The Quality of National Data: IR Professionals’ Ratings

Can you trust national data? Are the data available to institutional researchers reliable?  

AIR asked a random sample of members to rate the quality of 11 large-scale data sets often used in IR studies. Quality was defined as the degree to which data are complete, robust, and accurate. Opinions were shared by 151 AIR members (a response rate of 31%).  

Nearly all survey respondents know IPEDS data well enough to have opinions about quality—only 7% did not offer ratings (that is, they had no opinion or did not know about quality). IPEDS stands out as a star among the data sets reviewed in that it is well-known and its quality is rated as very high or high by 66% of respondents.  

Respondents also know and have opinions about U.S. News sources—only 25% could not rate U.S. News Best Colleges data, and 34% could not rate U.S. News World’s Best Universities data. However, these data received the lowest marks of all sources reviewed. Only 8% of respondents offered very high or high ratings for Best Colleges, and even fewer respondents (5%) indicated positive ratings for World’s Best Universities. 

Less is known about the quality of other sources included in the survey. More than 60% of respondents did not rate five data sets: the National Community College Benchmark Project, the Consortium for Student Retention Data Exchange (CSRDE), the Survey of Doctorate Recipients, the National Survey of Recent College Graduates, and the National Study of Instructional Costs and Productivity (Delaware Study). An additional source, the College and University Professional Association for Human Resources (CUPA-HR), was not rated by 56% of respondents.  

However, when “don’t know” and “no opinion” responses were removed, several of the lesser-known data sources were rated as very high or high by those who offered opinions. CSRDE, the Survey of Doctorate Recipients, and CUPA-HR were especially strong performers with very high or high ratings of 71%, 71%, and 68% respectively.  Maybe more institutional researchers should become familiar with these highly regarded data. 

These results show a wide variance in perceptions of quality of these 11 data sources included in the mini-survey. Respondents’ comments indicated three main concerns regarding data quality: questions about methodologies, lack of consistency of definitions, and the possibility of inaccurate results due to matching errors. Many respondents noted that they do not expect any data set to be “perfect,” and one individual suggested that “the question should be: What level of variation do we accept as good enough to do IR work?”  
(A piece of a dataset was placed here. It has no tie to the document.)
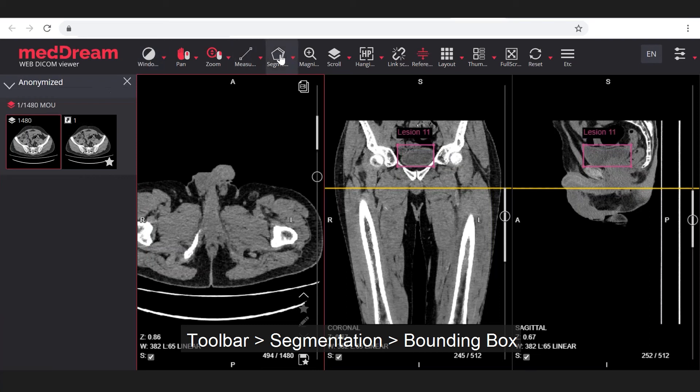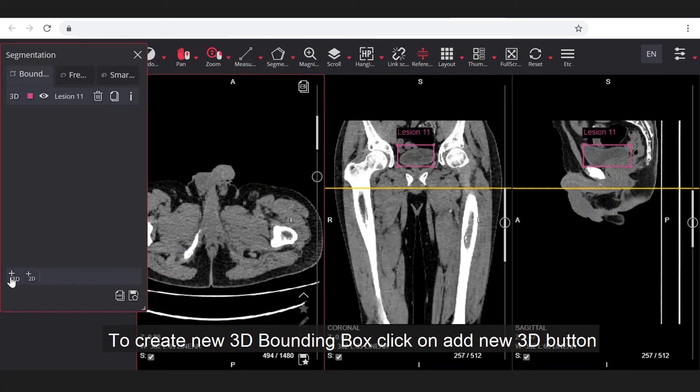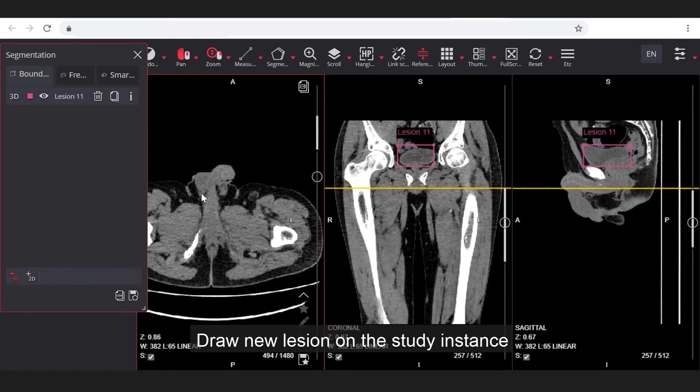Open segmentation menu from toolbar. Click on add new 3D bounding box button. Draw new lesion on the study instance.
Join the conversation and share your thoughts and questions about the quality of large-scale data sets below, and view the full survey results.




To add a comment, Sign In
Total Comments: 3
Marlene posted on 5/8/2013 10:22 AM
This is an important topic as it seems that so many different organizations have some means by which they are trying to assess what higher education institutions are doing. I was just sent a link yesterday to Pay Scale's ranking of institutions for ROI ( While they are clear about their methodology, questions remain...such as, how many responses form the basis for my institutional ranking?
Gerry posted on 5/9/2013 12:30 PM
This is interesting and potentially important, since it comes from those primarily charged with SUPPLYING those data to those surveys. Higher education researchers, often without IR backgrounds, should be aware of the concerns for data quality before they use some of these surveys for applied/basic research . . . garbage in, garbage out!
Eric posted on 5/10/2013 12:39 PM
I appreciate that we have a growing number of national data sets, but I would add that my concerns have always been about consistency of measurement. For example, decision makers like to point to retention rates, however there are various ways to measure retention. Even if there were a single, universally recognized measurement, like Gerry posted we would still need to be aware of validity/reliability issues for the data providers. You're right -- garbage in, garbage out.